On the history of English in general, and on inkhorn terms in particular, see Baugh and Cable (1978). Bauer (1983) has good coverage of what one might call the natural history of word formation, with case studies of particular suffixes such as -nik, which enjoyed a considerable vogue in the middle of the twentieth century but has since faded. On more recent developments, see Bauer (1994).

The contemporary morphological consequences of the fact that English vocabulary has two main sources (Germanic and Romance) have been explored extensively within the framework of ‘Lexical Phonology’ by Kiparsky (1982) and others. For an introduction to this approach, look at Katamba (1993) and then proceed to Kaisse and Shaw (1985). For recent discussion, see Giegerich (1999).

10Conclusion: words in English and in languages generally

10.1A puzzle: disentangling lexemes, word forms and lexical items

In this book I have set out to distinguish and elucidate different senses of the word ‘word’, and to show how they apply in English. The outcome is something of a paradox. Words as basic units of syntactic organisation (the building bricks out of which phrases and sentences are composed) do not coincide exactly with words as items listed in dictionaries. Indeed, there are mismatches in both directions, as we saw in Chapter 2: there are items that need listing but are not words in the grammatical sense, and there are words in the grammatical sense whose meaning and behaviour are so reliably predictable that they do not need listing. There is yet a third sense of ‘word’, in that items that are words in the grammatical sense (lexemes) may have more than one form, depending on the syntactic context. Yet the items identified by the three criteria resemble each other sufficiently closely so that, in everyday non-technical talk about language, we do not even notice the discrepancies. Why should this be so? Is it so in all languages, or is English peculiar?

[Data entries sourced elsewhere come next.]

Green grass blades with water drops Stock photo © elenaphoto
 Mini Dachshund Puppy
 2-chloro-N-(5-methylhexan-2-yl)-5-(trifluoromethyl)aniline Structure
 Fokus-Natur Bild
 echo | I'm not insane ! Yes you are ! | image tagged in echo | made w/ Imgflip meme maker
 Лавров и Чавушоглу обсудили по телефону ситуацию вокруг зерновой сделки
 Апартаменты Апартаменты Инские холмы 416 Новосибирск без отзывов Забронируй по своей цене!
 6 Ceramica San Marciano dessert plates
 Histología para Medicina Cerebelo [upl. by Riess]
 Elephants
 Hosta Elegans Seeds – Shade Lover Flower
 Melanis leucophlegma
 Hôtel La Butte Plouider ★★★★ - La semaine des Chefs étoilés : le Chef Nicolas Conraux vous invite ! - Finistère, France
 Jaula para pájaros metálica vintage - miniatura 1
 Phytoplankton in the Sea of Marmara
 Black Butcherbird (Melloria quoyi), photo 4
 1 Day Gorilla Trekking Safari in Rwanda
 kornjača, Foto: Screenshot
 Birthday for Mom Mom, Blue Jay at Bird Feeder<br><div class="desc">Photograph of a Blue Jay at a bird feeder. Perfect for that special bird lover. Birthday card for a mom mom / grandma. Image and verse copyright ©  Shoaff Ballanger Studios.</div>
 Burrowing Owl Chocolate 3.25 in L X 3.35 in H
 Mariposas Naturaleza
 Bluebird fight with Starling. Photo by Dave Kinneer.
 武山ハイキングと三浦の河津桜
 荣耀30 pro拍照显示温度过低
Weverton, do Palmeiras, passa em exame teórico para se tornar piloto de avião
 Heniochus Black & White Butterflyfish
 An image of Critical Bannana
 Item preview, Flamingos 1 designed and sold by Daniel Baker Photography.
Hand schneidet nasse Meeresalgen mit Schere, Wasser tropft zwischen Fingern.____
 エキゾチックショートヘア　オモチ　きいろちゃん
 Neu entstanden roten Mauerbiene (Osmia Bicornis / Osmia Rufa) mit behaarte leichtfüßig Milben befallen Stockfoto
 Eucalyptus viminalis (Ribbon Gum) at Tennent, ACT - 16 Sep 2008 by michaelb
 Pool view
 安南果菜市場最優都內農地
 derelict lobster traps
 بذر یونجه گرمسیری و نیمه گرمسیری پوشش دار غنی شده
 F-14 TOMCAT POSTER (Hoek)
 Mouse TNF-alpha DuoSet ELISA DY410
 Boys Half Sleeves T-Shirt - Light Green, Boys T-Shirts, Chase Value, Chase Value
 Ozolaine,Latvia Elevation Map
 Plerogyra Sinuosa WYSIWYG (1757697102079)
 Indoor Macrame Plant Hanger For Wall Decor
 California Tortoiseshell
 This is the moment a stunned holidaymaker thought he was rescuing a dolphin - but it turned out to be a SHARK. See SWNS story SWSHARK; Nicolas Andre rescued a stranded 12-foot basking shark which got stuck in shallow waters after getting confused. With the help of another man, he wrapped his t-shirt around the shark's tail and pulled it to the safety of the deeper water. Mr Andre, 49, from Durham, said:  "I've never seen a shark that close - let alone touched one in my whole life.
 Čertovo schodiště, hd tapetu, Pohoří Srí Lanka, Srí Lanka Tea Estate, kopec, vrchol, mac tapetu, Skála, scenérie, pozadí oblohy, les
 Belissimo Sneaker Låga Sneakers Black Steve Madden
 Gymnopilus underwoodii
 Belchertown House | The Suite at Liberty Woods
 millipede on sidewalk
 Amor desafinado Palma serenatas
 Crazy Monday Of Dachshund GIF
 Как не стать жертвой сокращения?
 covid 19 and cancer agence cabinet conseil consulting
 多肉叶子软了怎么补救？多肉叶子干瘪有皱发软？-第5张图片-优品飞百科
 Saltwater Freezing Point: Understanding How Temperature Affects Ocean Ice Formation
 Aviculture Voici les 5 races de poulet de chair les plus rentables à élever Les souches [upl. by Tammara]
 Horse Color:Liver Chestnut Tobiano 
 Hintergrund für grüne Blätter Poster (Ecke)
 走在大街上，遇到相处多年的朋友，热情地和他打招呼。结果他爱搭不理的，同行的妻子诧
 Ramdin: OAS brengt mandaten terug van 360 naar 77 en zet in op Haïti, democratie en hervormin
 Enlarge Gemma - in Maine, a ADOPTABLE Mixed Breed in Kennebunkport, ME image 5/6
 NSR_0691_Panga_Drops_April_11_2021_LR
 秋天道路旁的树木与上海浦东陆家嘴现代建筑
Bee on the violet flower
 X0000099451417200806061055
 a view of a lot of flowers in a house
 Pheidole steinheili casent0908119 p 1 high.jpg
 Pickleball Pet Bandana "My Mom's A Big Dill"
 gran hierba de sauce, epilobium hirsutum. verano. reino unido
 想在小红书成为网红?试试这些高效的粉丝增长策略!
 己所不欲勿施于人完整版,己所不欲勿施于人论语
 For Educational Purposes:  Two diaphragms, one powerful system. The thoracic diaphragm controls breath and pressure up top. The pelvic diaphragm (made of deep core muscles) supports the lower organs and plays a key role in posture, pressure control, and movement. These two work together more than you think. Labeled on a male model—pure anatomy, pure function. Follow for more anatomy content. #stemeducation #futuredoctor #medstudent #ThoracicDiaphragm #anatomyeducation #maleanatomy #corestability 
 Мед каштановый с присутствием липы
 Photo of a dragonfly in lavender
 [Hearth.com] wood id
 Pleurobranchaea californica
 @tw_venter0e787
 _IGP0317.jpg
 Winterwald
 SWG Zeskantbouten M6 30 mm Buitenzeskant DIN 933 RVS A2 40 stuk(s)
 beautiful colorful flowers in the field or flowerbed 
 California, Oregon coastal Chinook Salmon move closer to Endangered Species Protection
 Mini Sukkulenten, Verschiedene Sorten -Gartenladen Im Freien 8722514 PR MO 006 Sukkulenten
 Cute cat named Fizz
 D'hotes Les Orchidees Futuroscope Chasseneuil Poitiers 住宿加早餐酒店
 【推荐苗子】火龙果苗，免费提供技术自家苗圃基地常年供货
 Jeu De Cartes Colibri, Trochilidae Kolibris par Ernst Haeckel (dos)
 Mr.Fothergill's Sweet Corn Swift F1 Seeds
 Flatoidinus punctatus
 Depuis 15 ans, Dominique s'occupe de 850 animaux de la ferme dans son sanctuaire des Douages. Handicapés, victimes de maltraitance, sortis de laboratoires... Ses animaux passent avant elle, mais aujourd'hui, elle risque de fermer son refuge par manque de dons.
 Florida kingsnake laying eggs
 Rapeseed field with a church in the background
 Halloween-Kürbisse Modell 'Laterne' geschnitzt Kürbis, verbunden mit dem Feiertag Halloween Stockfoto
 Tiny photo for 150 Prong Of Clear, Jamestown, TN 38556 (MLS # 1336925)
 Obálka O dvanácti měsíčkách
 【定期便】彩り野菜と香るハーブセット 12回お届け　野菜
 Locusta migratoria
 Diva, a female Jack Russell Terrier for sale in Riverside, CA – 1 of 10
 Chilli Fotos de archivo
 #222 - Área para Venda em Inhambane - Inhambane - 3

These are large questions. On the other hand, given that they arise so naturally out of issues addressed in an introductory text such as this, it is natural to expect that there should be some general consensus among linguistic scholars about how they should be answered. Yet there is no such consensus – something that, as a linguist, I am ashamed to admit. This reflects the meagreness of the research effort that has been devoted to morphology, the lexicon and lexical semantics over the last fifty years, by comparison with the huge intellectual resources devoted to syntax and phonology. So, for want of a consensus and of concerted research, the best that I can offer by way of a reply is speculation – albeit speculation informed by research in inflectional morphology.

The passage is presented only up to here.